Who was responsible for this beer’s recipe?
I first designed the original recipe for this beer at my home in an attempt to taste/test the impact of decoction mashing versus the use of specialty grain. I used a simple grain bill, noble hops and a Bavarian lager yeast strain to create a beer where differences in the subtleties of the flavor would be easiest to discern. After brewing this beer multiple times, we all grew to love the characteristic caramel flavor and deep color created through decoction and the crisp hop finish of this classic lager style.

What sets this beer apart from other examples within the style?
The difference-maker in this beer is the decoction mashing, which brings a bit of traditional European brewing technique to a modern craft brewery. Originally done by Arches as direct fire boiling of portions of the mash, we never thought we’d be able to bring that character to a beer made on the steam-jacketed 20-barrel brewhouse. But with some clever thinking and a little flexibility, we’ve developed a multi-stage mash that still creates the caramelized character of the decoction process by boiling at least 50 percent of the grain bill for up to 45 minutes.

What makes this beer truly world class?
Focusing on the core elements of a simple lager style brings the world-class character to this beer. We put so much effort into the treatment of the grain, building a balanced water profile that supports both malt and hops, and we continue to use a Bavarian lager yeast that won’t create flavors that mask the malt character and will flocculate out readily to allow you to appreciate the gorgeous color and clarity. The European noble hops, including Hallertauer, Tettnang and Saaz impart a delicate spicy character to temper the sweetness of the unfermentable elements. This beer isn’t built on a trend, or a regional ingredient/character; it’s a faithful representation of the classic lager. The character of the beer is nearly as old as professional brewing itself. This is the little black dress of beers – always in style.
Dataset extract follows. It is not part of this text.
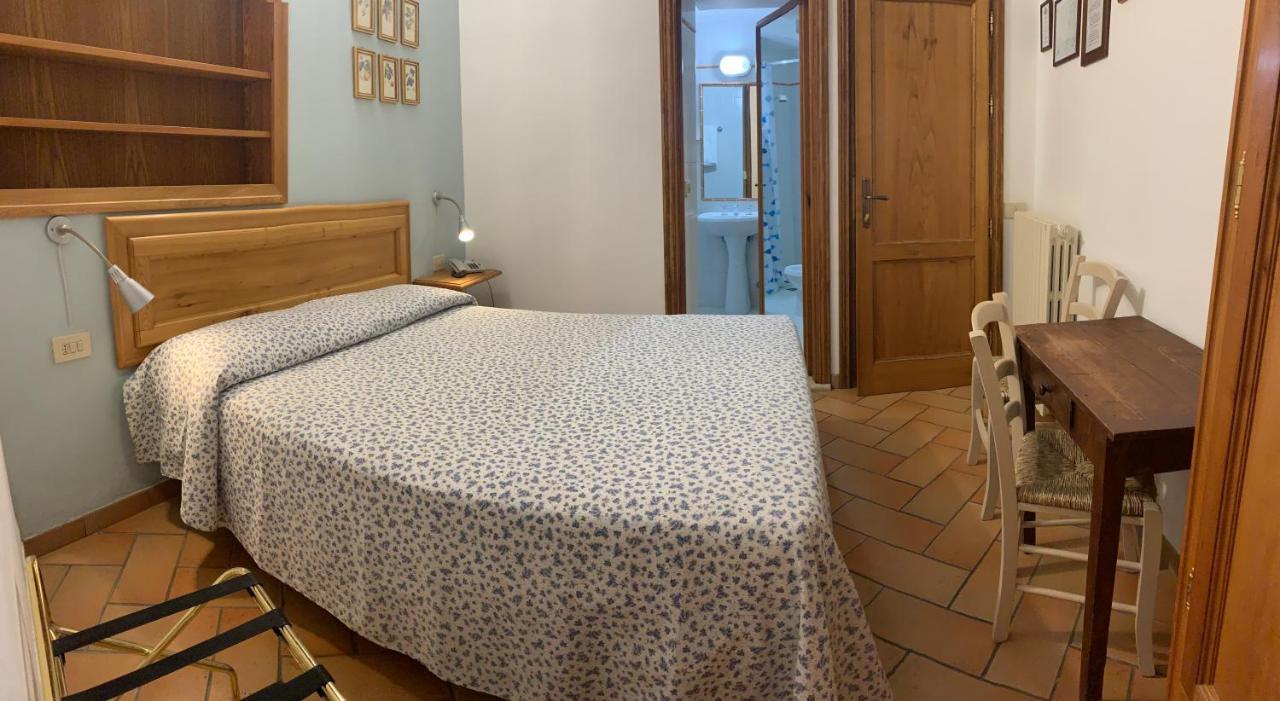 Agriturismo Il Castello Assisi Bagian luar foto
What is your favorite aspect of this beer (flavor, aroma, mouthfeel, etc.)?
The appearance of this beer is stunning. You can’t help but pause and admire it freshly poured into a pint glass. The amber hue and lacy cream head stand in sharp contrast and looking through it is like looking through a stained glass window. Its appearance stands out as the epitome of what a beer should look like, and you can almost taste the malt character by looking at it.

How popular is this beer among your faithful fans?
Southside is a consistent draw with our fans and newcomers. It is the beer that we recommend to those who know little about craft beer or to seasoned drinkers that need to be reminded of their roots. It is a beer drinker’s beer that never interrupts a good conversation and simply vanishes from your glass at some point in the middle of talking. What’s been most satisfying to us is the amount of love (and demand) for Southside that we’ve gotten from craft beer bars in Georgia. In an industry where innovation and bold flavors are expected out of your local craft beer bar, it’s nice to see beer enthusiasts of all kinds appreciate Southside for what it is.


Judge’s Second Opinion

International Amber Lager is not exactly the most popular style among craft beer fanatics. When you think of this style, what may come to mind is the “import” option at your nearest fast-casual chain restaurant. Can you name a classic example? I couldn’t either, until drinking Southside Lager by Arches Brewing.

The requirements for this style are simple and few: Clean lager character, well attenuated and a slight caramel or toasty maltiness. Sure, there are several optional characteristics, like noble hops and adjunct flavor, but everything must be mild enough to appeal to all types of beer drinker.

An everyday beer like this doesn’t have to make much of a statement in order to make a statement. It doesn’t have to (and shouldn’t) be the biggest, richest, sourest or bitterest beer in the world. Instead, quality and technical merit speak for themselves and make all the difference. Those things mean much more than, say, riding the latest craft beer wave that happens to be cresting (I’m looking at you, New England IPA).

In my original review of this beer, I wrote that it straddles boundaries. It does so in two ways. The first is that it is a craft version of a mass-market beer. Southside Lager certainly isn’t the first beer to be that, but its presence in 2018 signals continued maturity in the craft beer segment. “Craft” beer is no longer code for any single grouping of styles. In other words, style no longer separates craft from macro or quality beer from sudsy swill.

The second is its relation to the session beer trend. For some reason, some beers get to be called “session” (e.g., a mid-range ABV IPA) while others are called “entry-level” (e.g., a Blonde Ale).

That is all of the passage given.